Wednesday, November 17, 2010

Good Fences

Poet Robert Frost wrote the often quoted line, “Good fences make good neighbors.” But, don’t for a moment think that he actually believed it. In fact, he didn’t say so much as he quoted it. He was, after all, quoting his neighbour.


The poem is entitled, “Mending Wall,” and speaks of a tradition that would find neighbours walking the fence dividing their property in the springtime to mend the winter’s damage. It was a back-breaking effort of placing fallen stones back on the fence.
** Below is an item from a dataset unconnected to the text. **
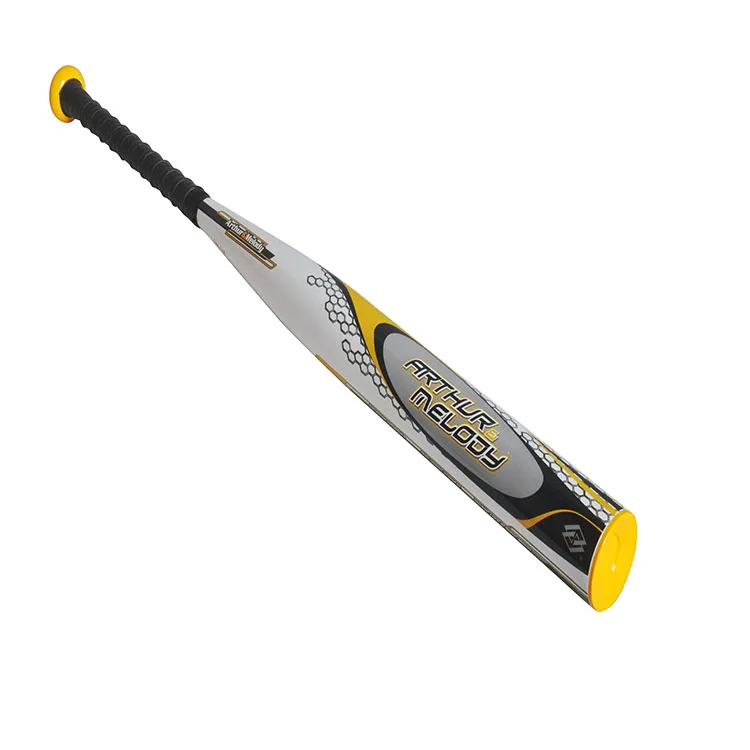 Full Composite Factory  Bat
If the poem is written in the first person, then it is Frost who doubts the exercise of mending the wall and the axiom that, “Good fences make good neighbors.”

Frost wonders if there is some unseen force, and I say perhaps even God, who causes fences to tumble, a force that will wait until our backs are turned to destroy those things that divide us.

From the Mending Wall
Something there is that doesn't love a wall,
That sends the frozen-ground-swell under it
And spills the upper boulder in the sun,
And make gaps even two can pass abreast.

As we consider the image of Christ the King, let us not forget that it is an image of our creating. Appropriate I guess, in terms of our human frailty compared to God’s majesty. But, I doubt it’s an image God would choose. Instead God choose to become one of us, as a parent, sibling, teacher or friend, as frail as us. This is the kind of king God chooses to be, markedly different from what we see of human monarchs.

When we think about the kind of king God is, one motivated by loving all that God created, it changes (or at least should change) our understanding of how we relate to one another. I would go so far as to say - that which keeps us from our neighbour, keeps us from God.